I haven't posted to SD in years, but felt compelled to brush the cobwebs off and reply to your question...
1. This is a semi-religious question, so you are going to get a lot of vitriol in some of the responses; ignore it.
2. Gentoo is the "dive in the deep end, with weights tied to my feet and battle my way back to the surface" answer to your question. You build everything. You won't just learn the command line, you'll learn build tools, config scripts, environment vars, libraries, manual dependency management and more. I DO NOT think this is the right choice for you right now given how new you are to all of this. This will be the "death by a thousand paper cuts" experience that runs the risk of driving you crazy after 3 days of work and you still don't have a GUI running because of some esoteric error that you don't understand.

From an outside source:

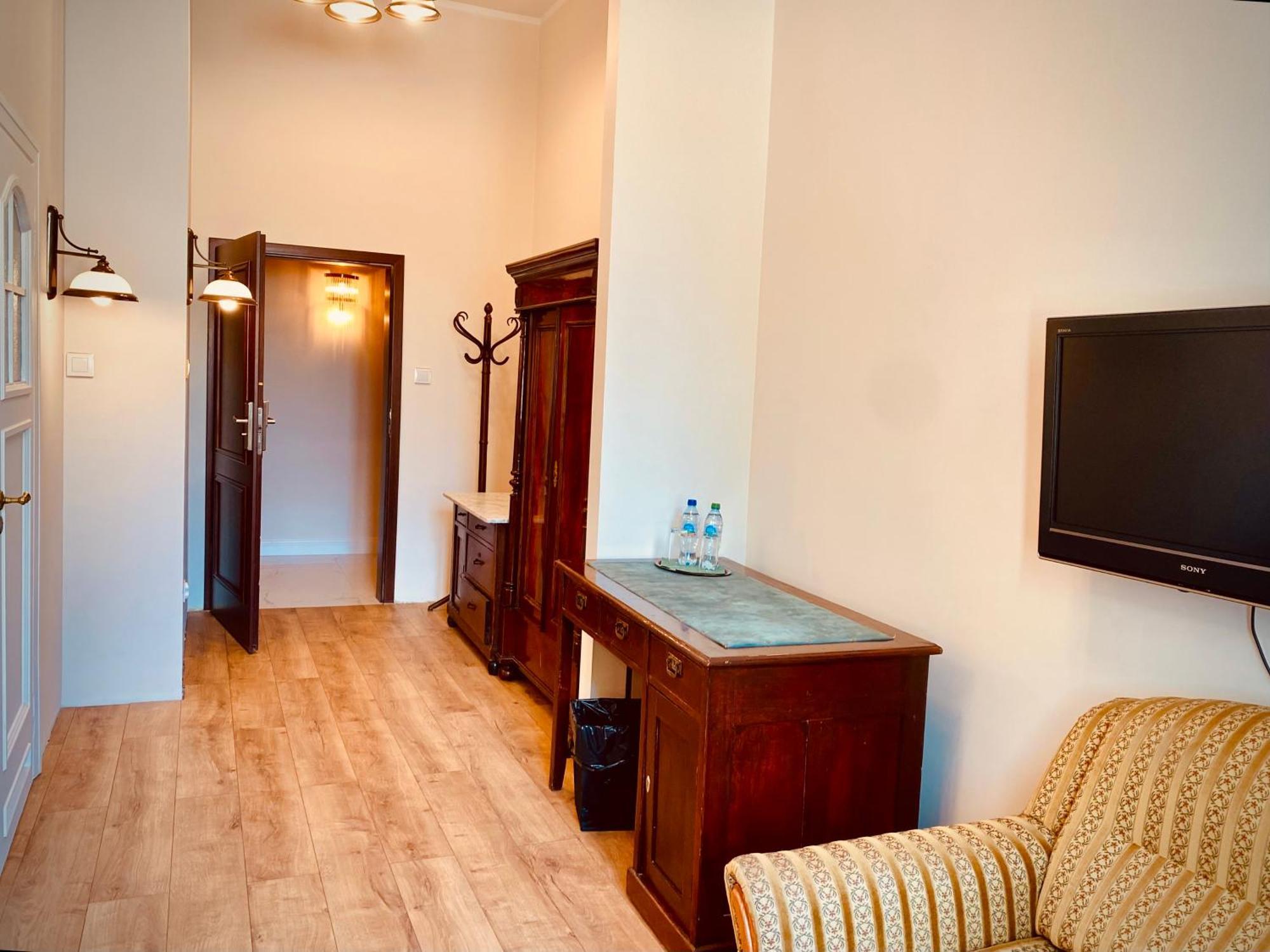 Hotel Palac W Myslecinku بيدغوستيا المظهر الخارجي الصورة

That said, if you insist that this is how you like to learn, go for it. The community/forums are very helpful and PACKED with information. If you do this, mentally prepare yourself for days and days of an unbootable machine. Reformatting and reinstalling over and over again. Getting a boot loader wrong, not installing Grub right, killing your install that was almost working perfectly because you changed a VGA boot option and now everything hangs... just prepare for these KINDS of things. Don't go in thinking "Awesome, I'll get this done in a day and have GNOME running" -- you won't, and if you do, something weird will break it out of no where and you won't have any idea what to do so you'll need to start over again.
I am not trying to scare you, just setting the expectation. If that sounds like heart-burn city, move onto my next suggestion.

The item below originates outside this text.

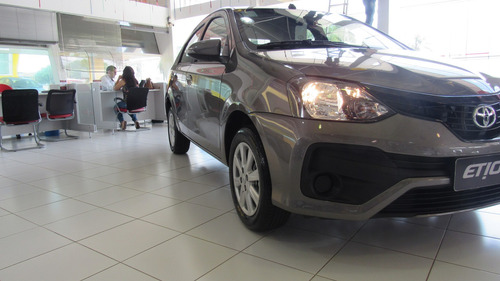 Toyota Etios Sedan X Plus 1.5 (aut) (flex)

3. Arch Linux -- You already mentioned this in your post and I just want to confirm that I believe THIS is the right choice for you. It is the perfect middle ground between Gentoo and something like Ubuntu -- you do get to know the ins and outs of the system, without the compiling/building/dependency pitfalls of Gentoo. This is an EXCELLENT place to start, get really familiar with everything and grow from (either down to Gentoo, or out of system management entirely into something like Ubuntu).
4. Ubuntu / Fedora -- Use these if you want a working computer, want to "try" Linux with a nice GUI and slowly become familiar with the underlying system through SOME GUI tools, mostly command line and have tons of support for your hardware. This is the "Mac"-esque experience you can get in Linux, in that you can live in the GUI all day if you want, but there is an underlying CLI/Unix world there under the surface if you want to mess with it.
5. Mint / SUSE / Kubuntu / Slackware / Whatever -- I have always seen these as different flavors of the same things listed above. I'd start with the primaries first and go from there.